Summer can be a dry period for films other than action flicks or comedies, so it’s refreshing to see that cinemas are currently screening a more varied programme, and no less than four Romanian films of different genres, approaches, and wildly differing content.
Claudiu Mitcu and Ileana Bîrsan’s Procesul/The Trial (opening photo) is a documentary with a dramatic subject: a former army officer accused of complicity to murder and his struggle to prove his innocence, taking the case up to the European Court of Human Rights, which decided in his favour in 2012. Carried by a charismatic protagonist (not a given in documentaries), the film is a gripping look at how the judicial system works (or does not). Not an easy or comfortable watch, but a though-provoking one as the audience is invited to draw their own conclusions on the case.

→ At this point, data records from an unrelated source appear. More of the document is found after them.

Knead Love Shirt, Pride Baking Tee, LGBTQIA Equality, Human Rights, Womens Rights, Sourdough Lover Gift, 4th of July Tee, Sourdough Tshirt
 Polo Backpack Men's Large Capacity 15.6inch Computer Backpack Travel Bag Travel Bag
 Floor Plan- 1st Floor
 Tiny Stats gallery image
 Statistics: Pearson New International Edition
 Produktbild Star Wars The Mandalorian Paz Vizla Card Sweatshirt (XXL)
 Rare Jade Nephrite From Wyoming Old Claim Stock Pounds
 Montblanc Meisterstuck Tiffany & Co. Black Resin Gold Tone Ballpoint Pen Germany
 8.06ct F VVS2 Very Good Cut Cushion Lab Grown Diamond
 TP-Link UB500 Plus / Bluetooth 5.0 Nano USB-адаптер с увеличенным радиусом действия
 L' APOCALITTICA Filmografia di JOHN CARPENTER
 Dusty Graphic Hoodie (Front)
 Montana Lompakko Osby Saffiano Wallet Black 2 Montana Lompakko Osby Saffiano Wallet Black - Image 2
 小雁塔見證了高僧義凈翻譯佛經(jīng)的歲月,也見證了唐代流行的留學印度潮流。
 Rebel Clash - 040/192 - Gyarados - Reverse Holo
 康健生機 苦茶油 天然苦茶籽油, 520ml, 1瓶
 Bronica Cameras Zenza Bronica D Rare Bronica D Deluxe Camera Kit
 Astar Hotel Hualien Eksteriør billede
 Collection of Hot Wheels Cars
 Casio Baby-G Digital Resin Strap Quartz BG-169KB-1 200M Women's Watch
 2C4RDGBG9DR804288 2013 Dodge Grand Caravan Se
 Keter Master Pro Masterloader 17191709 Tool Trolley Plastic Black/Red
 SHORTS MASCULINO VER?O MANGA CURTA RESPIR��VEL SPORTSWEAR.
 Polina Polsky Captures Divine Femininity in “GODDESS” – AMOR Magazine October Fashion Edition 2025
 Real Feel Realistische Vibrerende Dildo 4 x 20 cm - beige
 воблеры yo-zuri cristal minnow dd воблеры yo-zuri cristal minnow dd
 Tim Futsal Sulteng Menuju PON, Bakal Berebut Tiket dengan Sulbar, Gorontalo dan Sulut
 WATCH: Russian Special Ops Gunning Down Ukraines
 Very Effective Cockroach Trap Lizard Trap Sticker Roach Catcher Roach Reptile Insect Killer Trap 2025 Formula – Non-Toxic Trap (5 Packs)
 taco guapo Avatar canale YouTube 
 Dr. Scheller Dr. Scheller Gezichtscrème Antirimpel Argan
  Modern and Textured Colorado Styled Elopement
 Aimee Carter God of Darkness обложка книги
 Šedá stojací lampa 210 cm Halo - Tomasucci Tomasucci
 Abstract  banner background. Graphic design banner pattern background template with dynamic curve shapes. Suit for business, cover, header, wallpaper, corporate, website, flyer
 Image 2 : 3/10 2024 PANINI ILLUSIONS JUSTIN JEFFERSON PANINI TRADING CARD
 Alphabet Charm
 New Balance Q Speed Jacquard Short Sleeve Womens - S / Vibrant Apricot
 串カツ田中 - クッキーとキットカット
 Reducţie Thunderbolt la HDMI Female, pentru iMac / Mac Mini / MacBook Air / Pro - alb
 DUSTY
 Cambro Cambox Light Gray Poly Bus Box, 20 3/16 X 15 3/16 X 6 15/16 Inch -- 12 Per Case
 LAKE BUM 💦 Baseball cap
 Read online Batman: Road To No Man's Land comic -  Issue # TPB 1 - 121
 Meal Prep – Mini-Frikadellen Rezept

Liviu Marghidan’s Străjerii/The Sentries is a novelty for local screens, namely an adventure film for children. It has all the ingredients of a successful family pic: a lot of adorable children, a camp in the mountains, and the adrenaline rush as one of the boys gets lots. It’s a shame though that the film feels so sedated despite the very promising setup, the spectacular scenery, and the admittedly adorable kids. What is does well, though, is its documentary-like observation of the children and their dynamics, which feels very immediate and intimate.
To stay with the documentary form, the spectacular România Neîmlânzită/Untamed Romania is also still screening after having premiered in March; I assume because it has been commissioned for the occasion of the Centenary and the year is still on. It is an eye-popping look at Romanian’s nature and wildlife and very much worth your time. You can find more details on the film here.
Finally, Bogdan Theodor Olteanu’s Câteva conversații despre o fată foarte înaltă/Several Conversations about a Very Tall Girl has already been making the rounds as the “lesbian movie”, which is of course a crass simplification of an insightful look at love, identity, and a young, urban generation not afraid to be who they are, but still struggling with notions of “tradition” and “propriety”. It is also not strictly speaking the first Romanian film on sapphic love, but it is indeed the first one to handle the topic so overtly, and in such an assured and unapologetic manner. It is the story of two young women getting to know each other online and discovering they have a former lover in common, namely the eponymous tall lady. They meet, and a tentative romance begins, but there are so many factors that might endanger the newly formed bond.
All four features are currently screened in Bucharest and in several cities throughout the country. Various film festivals feature them, and for the regular cinema programme, you can check the dates and locations on Cinemagia.ro.